CRA is an important piece of banking legislation that dates back to 1977. However, it has evolved into a catalyst for community development and a powerful relationship building tool. 

In this guide, we walk you through the basics of CRA and how understanding and embracing its principles can transform compliance requirements into impactful business development opportunities.

CRA explained beyond regulatory compliance

The Community Reinvestment Act (CRA) is a federal law that was created to ensure fair access to banking services for everyone. Federal regulators regularly evaluate banks to see how well they’re serving all parts of their communities, including lower-income areas. Banks receive ratings based on these evaluations, which show whether they’re meeting local needs, especially in underserved neighborhoods.

While following CRA is required, it’s more than just a box to check.

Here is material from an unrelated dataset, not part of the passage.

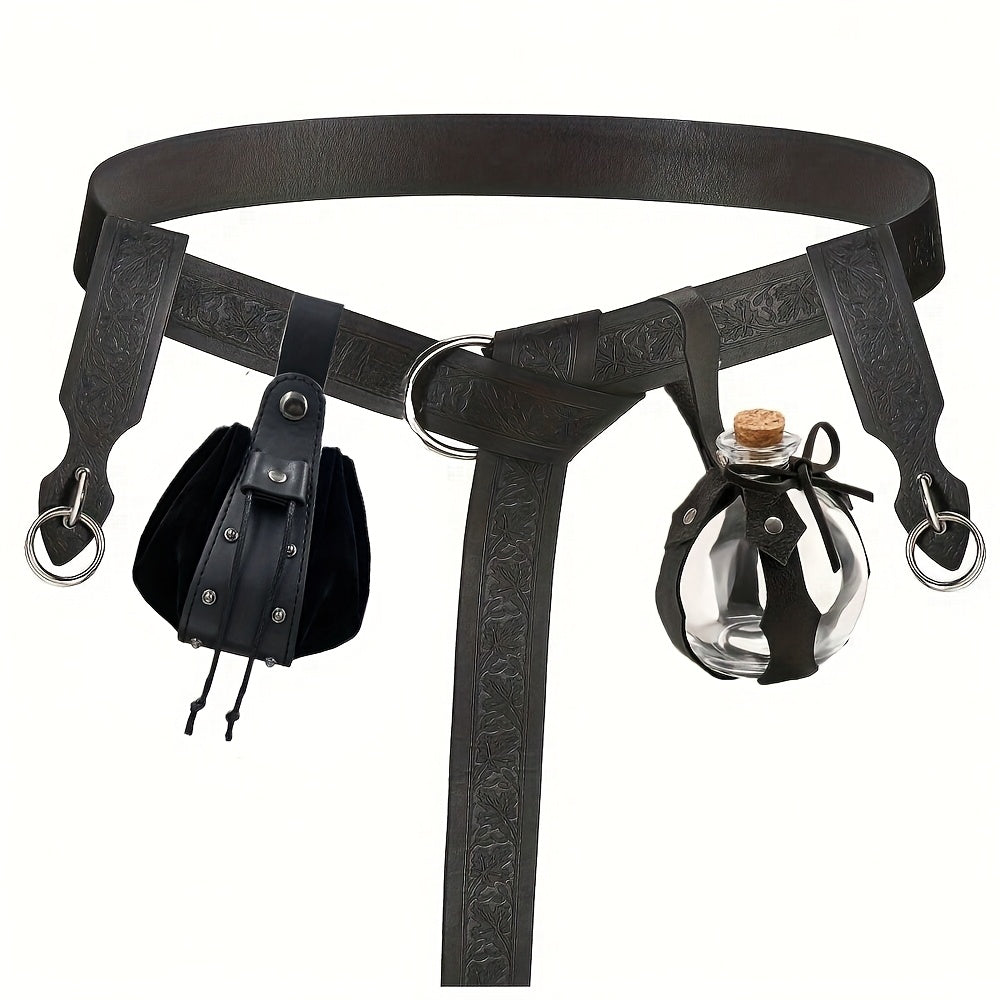 Costume Belt Set - Renaissance 5pcs | Medieval Viking Embossed Faux Leather with Pouches - product detail view 7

It’s an opportunity for banks to be active, positive forces in all the neighborhoods they serve. By complying with CRA, banks also:

  • Help build stronger communities, particularly in the markets where your bank does business
  • Gain competitive advantages by serving markets where other lenders aren’t focused
  • Develop better relationships with all their customers

Understanding CRA credit

At your bank, you may hear colleagues talking about “earning CRA credit.” CRA credit forms the foundation of your bank’s CRA rating and represents documented activities that demonstrate its commitment to serving people and businesses throughout its markets. Banks earn CRA credit through three primary activities:

  • Lending: Supporting underserved communities by providing small business loans under $1 million, mortgages in low- to moderate income areas or to people living with low- to moderate incomes, and creating innovative lending programs that demonstrate commitment to local economic development. Lending activities make up 50% of a bank’s overall CRA rating. 
  • Investment: Providing critical capital to the community through equity investments, grants to nonprofit organizations, and support for affordable housing to create lasting economic growth in underserved communities.
  • Service: Empowering communities through financial education, technical assistance to small businesses, leadership on community boards, and having branch presence in underserved areas.

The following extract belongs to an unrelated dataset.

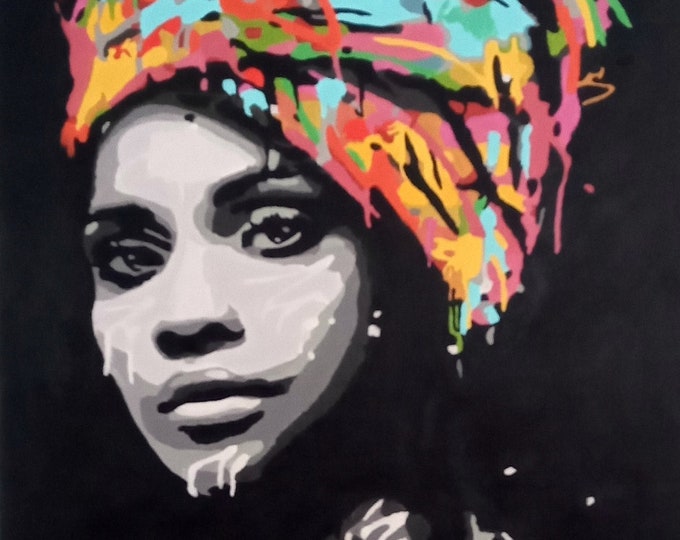 Portrait painting African woman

CRA performance ratings are based on the number of credits a bank earns and the rating can impact everything from branch expansions and merger approvals to community goodwill. 

The ratings are:

  • “Outstanding,” which demonstrates exceptional performance and comprehensive and innovative community investment.
  • “Satisfactory,” meaning a bank consistently meets the primary objectives of the CRA.
  • “Needs to improve,” which indicates significant gaps in community lending and investment that require strategic intervention.
  • “Substantial noncompliance,” which signals serious deficiencies in meeting CRA obligations.

The small business banker’s role in earning CRA credit

Small business lending plays a crucial role in CRA evaluations, making frontline bankers essential partners in your bank’s compliance efforts. Your day-to-day work building relationships with economic development organizations, participating in community initiatives and events, and finding financing solutions for your clients are all CRA credit-generating activities.

And as we touched on earlier, CRA is about more than compliance—it creates a win-win-win strategy for your bank, especially when that credit is earned by referring a small business owner to a community lender for financing:

First win: Benefits for your bank

  • Client retention: Keep deposit relationships intact and create goodwill among your small business clients, even when you can’t make the loan.
  • Reduced acquisition costs: Avoid the expense of lost client relationships by offering alternatives to small business clients who need financing.
  • Creation of a lending pipeline: Strengthen long-term lending potential by helping small business clients access financing through Grow America today—and when their businesses become bank-loan ready, they’ll return to you, because you helped them when they needed it most.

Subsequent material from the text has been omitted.